Ezra (33), whom I met in downtown Adana, said, “If more rescue teams had arrived in the affected area earlier, more people might have been saved.”
Osleman, 60, who works as a driver in Adana, said, “I have been listening to news regarding the earthquake in my car every day since the earthquake.” “I believe there are more people who are still alive. I hope that another miracle will continue to be heard.”
As of the 14th, the death toll exceeded 41,000, including those in Syria. The official death toll in Turkey was 35,418, making it the worst disaster in Turkey’s history. Hans Kluge, director of the World Health Organization (WHO) Office for Europe, called the earthquake “the worst natural disaster in Europe in 100 years”.
In Syria, which has been in a civil war for 12 years, even following hearing the voices of survivors at the site of a collapsed building, they are unable to rescue them because they do not have professional rescue equipment such as thermal imaging cameras and special cutting tools. As a result, Syrian refugees crossed the Turkiye border and formed new tent villages. “We are promoting humanitarian aid for Syrians,” Foreign Minister Mevlut Chausoglu Turkiye said, but “we will not allow new refugees from Syria to enter the country.”
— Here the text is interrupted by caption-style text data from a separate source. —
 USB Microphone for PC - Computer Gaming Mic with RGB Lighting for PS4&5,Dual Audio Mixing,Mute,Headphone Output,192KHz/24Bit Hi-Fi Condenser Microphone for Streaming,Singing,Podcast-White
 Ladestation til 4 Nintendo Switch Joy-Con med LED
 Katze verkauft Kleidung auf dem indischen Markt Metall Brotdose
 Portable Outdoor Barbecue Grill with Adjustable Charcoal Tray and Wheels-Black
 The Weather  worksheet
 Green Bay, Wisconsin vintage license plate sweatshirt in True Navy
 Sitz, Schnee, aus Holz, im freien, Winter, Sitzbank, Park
There were also those who handed warm hands towards Syrian refugees. Ahya (68), who lives in Antakya, gave her home to a Syrian family who had nowhere to go due to the earthquake. He said that on the day of the earthquake, he mightn’t stand to see those shivering on the street in the rain, so he brought them home. There are six families of the victims who were brought into the house like that. Ahya, whose brother-in-law was a soldier in the Korean War, said, “Everyone is in a difficult situation regardless of race, nationality, or religion.” said
On the night of the 16th, the South Korean government will dispatch 2 units of the Korea Emergency Rescue Team (KDRT) with 21 personnel by military transport and deliver a total of 55 tons of relief goods such as tents and blankets.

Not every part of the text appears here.